L'épiderme politique au Québec serait-il devenu sensible au point où d'être devenu la seule démocratie au monde où il ne serait plus possible de dénoncer une monarchie, même en termes durs?

Ou encore de critiquer sévèrement un ancien premier ministre maintenant au service rémunéré d'une puissante compagnie gazière albertaine et d'une industrie dont les intérêts ne sont pas nécessairement ceux du bien public québécois?

C'est pourtant bien ce qu'on aurait cru aujourd'hui à entendre les appels répétés au crime de lèse-majesté lancés par des élus contre les propos du député de Québec solidaire, Amir Khadir.

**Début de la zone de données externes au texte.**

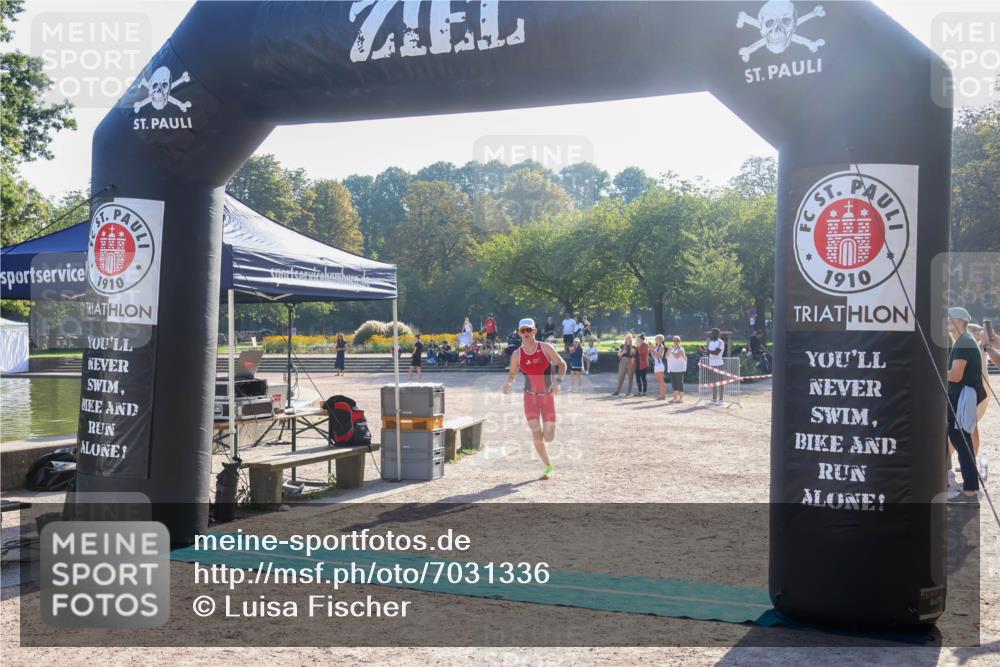 08.09.2024 - Stadtparktriathlon Luisa Fischer http://msf.ph/oto/7031336 08.09.2024 09:34:14 Ziel 13 meine-sportfotos.de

Sur la visite du très photogénique couple royal, M. Khadir n'a fait qu'exprimer tout haut ce que bien des Québécois pensent – et sûrement une partie des Canadiens anglais. Soit qu'il est tout à fait possible de critiquer le fait de payer à même les fonds publics les visites onéreuses des descendants d'une royauté.

Et pourtant, selon la vice première-ministre, Nathalie Normandeau, «Amir Khadir devrait s'excuser d'avoir qualifié la visite du couple royal de «parasitaire» (…) Monique Gagnon-Tremblay, la ministre des Relations internationales, l'accuse même d'avoir tenu des propos «dangereux» et d'avoir «incité à la violence». Comment? M. Khadir a dit qu'il souhaite participer à la manifestation du Réseau de résistance québécois (RRQ), un groupe controversé, pour dénoncer la visite officielle du couple royal. «Il veut manifester avec des indépendantistes radicaux comme (le porte-parole du RRQ Patrick) Bourgeois, qui dit qu'il va faire la guerre et qu'il va vaincre», affirme la ministre.» (1)

Quoi?

Des propos «dangereux» et incitant à la «violence»? Maintenant, qui exagère le plus ici?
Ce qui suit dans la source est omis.